==== DATA RECORDS ====
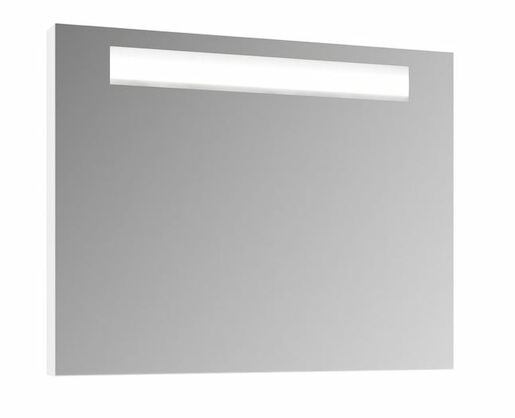 Zrkadlo s osvetlením Ravak Classic 70x55 cm biela X000000353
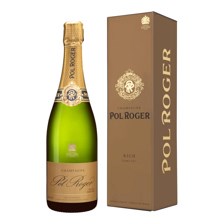 Buy & Send Pol Roger Rich Demi Sec Champagne 75cl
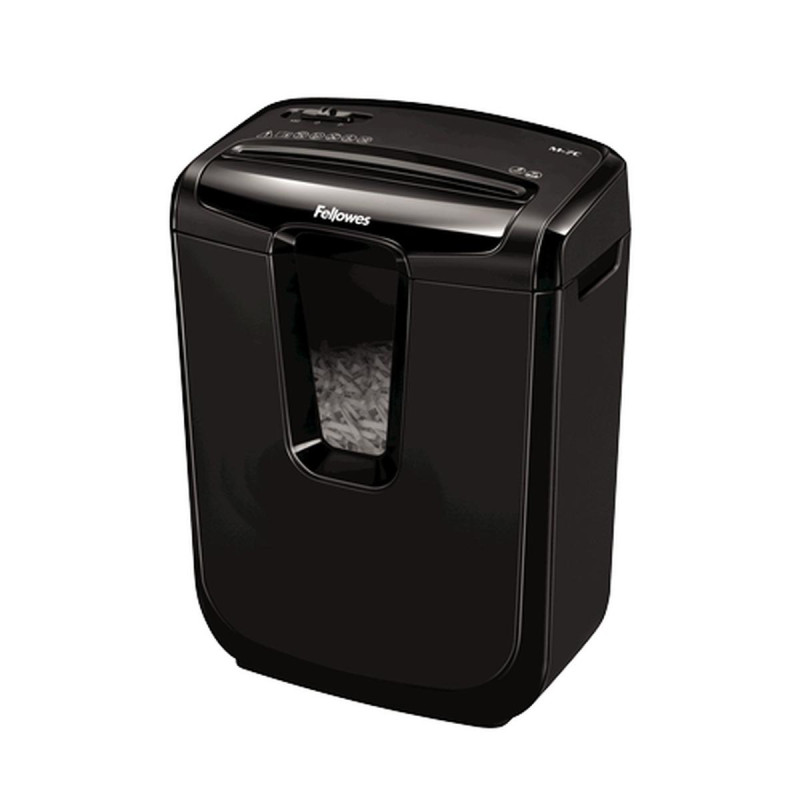DISTRUGGI DOCUMENTI MANUALE A PARTICELLE FELLOWES M-7C - DISTRUGGE FINO A 7 FOGLI - 14L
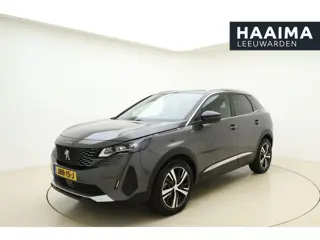 Peugeot 3008 1.2T 130pk GT | Achteruitrijcamera | Parkeersensoren V+A | Cruise & Climate control | N
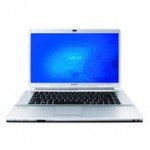 Sony Vaio VGN-FW11S 16.4 Zoll WXGA++ Notebook (Intel Core 2 Duo P8400 2,2 GHz, 4GB RAM, 300GB HDD, ATI Mobility Radeon HD3470, Blu-ray/ DVD+/- RW DL, Windows Vista Home Premium) - 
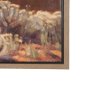 102862-FL - Landscape, Taos by Ernest Martin Hennings Hand-Embellished Textured Framed Canvas Artwork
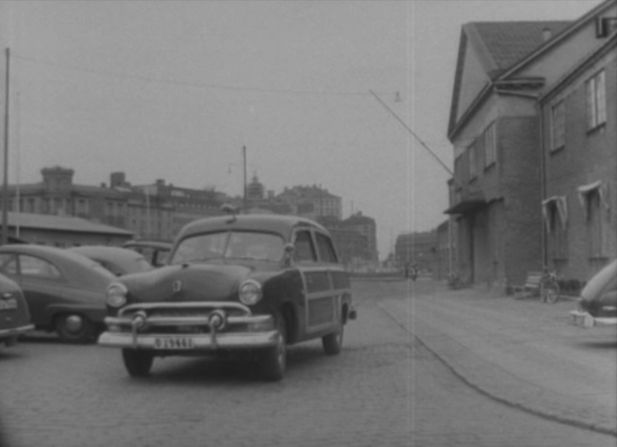 1951 Ford Custom Country Squire [79B]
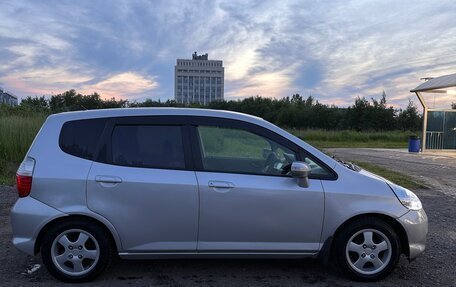 Honda Fit III, 2005 год, 490 000 рублей, 6 фотография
====
Every line above is to be reproduced verbatim, and the pictures are to be omitted.

 Zrkadlo s osvetlením Ravak Classic 70x55 cm biela X000000353
 Buy & Send Pol Roger Rich Demi Sec Champagne 75cl
DISTRUGGI DOCUMENTI MANUALE A PARTICELLE FELLOWES M-7C - DISTRUGGE FINO A 7 FOGLI - 14L
 Peugeot 3008 1.2T 130pk GT | Achteruitrijcamera | Parkeersensoren V+A | Cruise & Climate control | N
 Sony Vaio VGN-FW11S 16.4 Zoll WXGA++ Notebook (Intel Core 2 Duo P8400 2,2 GHz, 4GB RAM, 300GB HDD, ATI Mobility Radeon HD3470, Blu-ray/ DVD+/- RW DL, Windows Vista Home Premium) - 
 102862-FL - Landscape, Taos by Ernest Martin Hennings Hand-Embellished Textured Framed Canvas Artwork
 1951 Ford Custom Country Squire [79B]
 Honda Fit III, 2005 год, 490 000 рублей, 6 фотография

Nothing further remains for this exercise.